Today he works as an I.T. specialist for a company that contracts with the federal government, a job that has landed him in the upper middle class of American society. He drove to the Indian grocery in his silver Tesla. He has a house in the tidy suburb of Arcola a few miles away.
As Virginia’s population has grown it has also gotten wealthier. Households earning at least $150,000 have grown at three times the rate of the population over all.
Mr. Katkuri always thought he would be a Republican in America.
“Taxes, family values, these things are closer to our hearts,” he said. He likes Mitt Romney.

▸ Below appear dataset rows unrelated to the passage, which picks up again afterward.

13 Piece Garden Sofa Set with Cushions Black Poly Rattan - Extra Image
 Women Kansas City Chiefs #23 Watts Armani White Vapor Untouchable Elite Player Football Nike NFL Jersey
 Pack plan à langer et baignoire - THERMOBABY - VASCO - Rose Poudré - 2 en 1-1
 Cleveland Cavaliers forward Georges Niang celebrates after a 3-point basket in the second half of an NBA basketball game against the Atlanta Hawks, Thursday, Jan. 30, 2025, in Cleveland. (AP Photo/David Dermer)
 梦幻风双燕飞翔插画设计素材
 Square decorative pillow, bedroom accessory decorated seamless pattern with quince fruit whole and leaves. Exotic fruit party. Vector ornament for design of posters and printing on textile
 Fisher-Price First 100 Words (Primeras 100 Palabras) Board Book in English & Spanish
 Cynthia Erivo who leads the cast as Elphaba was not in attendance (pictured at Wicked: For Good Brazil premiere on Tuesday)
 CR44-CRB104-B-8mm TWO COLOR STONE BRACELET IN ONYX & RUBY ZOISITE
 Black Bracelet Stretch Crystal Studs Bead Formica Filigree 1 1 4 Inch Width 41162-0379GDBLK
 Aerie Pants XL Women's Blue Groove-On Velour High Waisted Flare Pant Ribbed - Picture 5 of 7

But when he got his citizenship in March and started talking with his friends about whom to vote for in the first election of his life, he realized it had to be Democrats. Mr. Trump helped him decide.
“People are just sick and appalled at this president,” said Dr. Charles Huh, a gastroenterologist, as he waited for takeout at the food court in Lotte Plaza Market, a Korean grocery store.
“He’s the best thing Republicans have done for Democrats in a long time.”
Still, that doesn’t mean people here love all Democrats. Dr. Huh usually votes for Democrats, but he hasn’t always. He voted for George W. Bush in 2000. He said Elizabeth Warren and Bernie Sanders are too far left for him and that he would vote third party if the Democrats nominated either one.